Family Types

Family Types

There is a wide variety of family types today, married and unmarried opposite sex couples and same-sex couples, blended families where ex-partners and current partners share parenting, lone parents and multiple parents. Legislation is now starting to respond to modern families through policy development that puts children first and assists parents in their parenting roles regardless of family type. Treoir will continue to update parents on legislative changes and advocate on behalf of families and children.

Child from a previous opposite sex relationship

Where a child is born as a result of a previous marriage, both biological parents are joint guardians of the child. Where parents have not married each other, only the mother is automatically a guardian of her child.   The father will only have guardianship rights to the child if he has signed, with the mother, the statutory declaration set out in S.I. No. 5 of 1998 granting him guardianship, he has guardianship rights by virtue of satisfying the requisite cohabitation period with the mother, or he has been granted guardianship rights through the courts.  See ‘guardianship‘ section.
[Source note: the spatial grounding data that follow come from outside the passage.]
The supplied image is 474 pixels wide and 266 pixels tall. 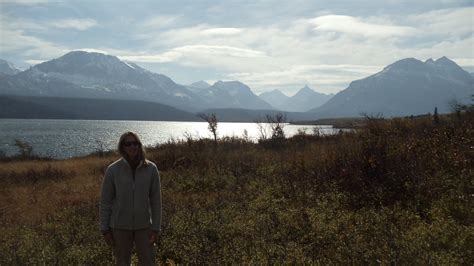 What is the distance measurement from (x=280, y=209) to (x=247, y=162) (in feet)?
28.3

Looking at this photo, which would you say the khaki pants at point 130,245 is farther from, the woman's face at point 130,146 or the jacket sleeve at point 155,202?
the woman's face at point 130,146

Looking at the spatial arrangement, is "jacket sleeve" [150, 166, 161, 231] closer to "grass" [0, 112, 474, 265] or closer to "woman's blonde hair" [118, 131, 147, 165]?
"woman's blonde hair" [118, 131, 147, 165]

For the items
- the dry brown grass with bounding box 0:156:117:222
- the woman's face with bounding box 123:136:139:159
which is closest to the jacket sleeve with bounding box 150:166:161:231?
the woman's face with bounding box 123:136:139:159

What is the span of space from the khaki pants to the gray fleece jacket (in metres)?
0.12

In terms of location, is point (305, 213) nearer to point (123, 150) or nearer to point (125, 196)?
point (125, 196)

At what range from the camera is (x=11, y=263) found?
730 cm

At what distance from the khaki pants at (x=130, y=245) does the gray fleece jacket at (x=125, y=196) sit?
0.40 feet

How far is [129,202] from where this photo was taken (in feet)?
18.8

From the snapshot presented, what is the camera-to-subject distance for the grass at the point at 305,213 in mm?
7004

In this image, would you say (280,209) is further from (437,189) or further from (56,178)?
(56,178)

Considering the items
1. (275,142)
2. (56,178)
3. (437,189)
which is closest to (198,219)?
(437,189)

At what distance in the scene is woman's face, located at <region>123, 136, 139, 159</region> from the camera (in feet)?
18.6

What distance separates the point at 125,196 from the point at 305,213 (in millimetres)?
5116

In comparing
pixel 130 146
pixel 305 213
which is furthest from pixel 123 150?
pixel 305 213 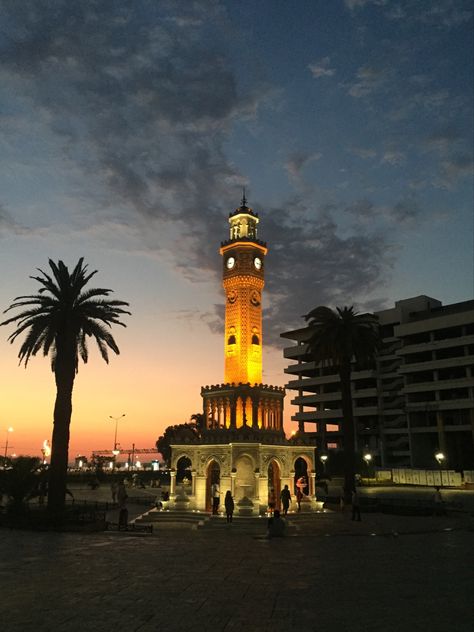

Where an LGBTQI+ couple are sharing the parenting of a child from a previous opposite-sex relationship it is possible for the non-biological parent to become the legal parent or guardian of that child.

An application can be made by:

  • a person who is married to or is in a civil partnership with, or has been for over 3 years a cohabitant of, a parent of the child and has shared the responsibility of the day-to-day care of the child for at least 2 years

See here for more.

 

ADOPTION

Commencement of the Adoption (Amendment) Act 2017

The Adoption (Amendment) Act 2017 came into effect on 19 October 2017. This legislation changes various parts of the Adoption Act 2010, which govern how all adoptions in Ireland are carried out.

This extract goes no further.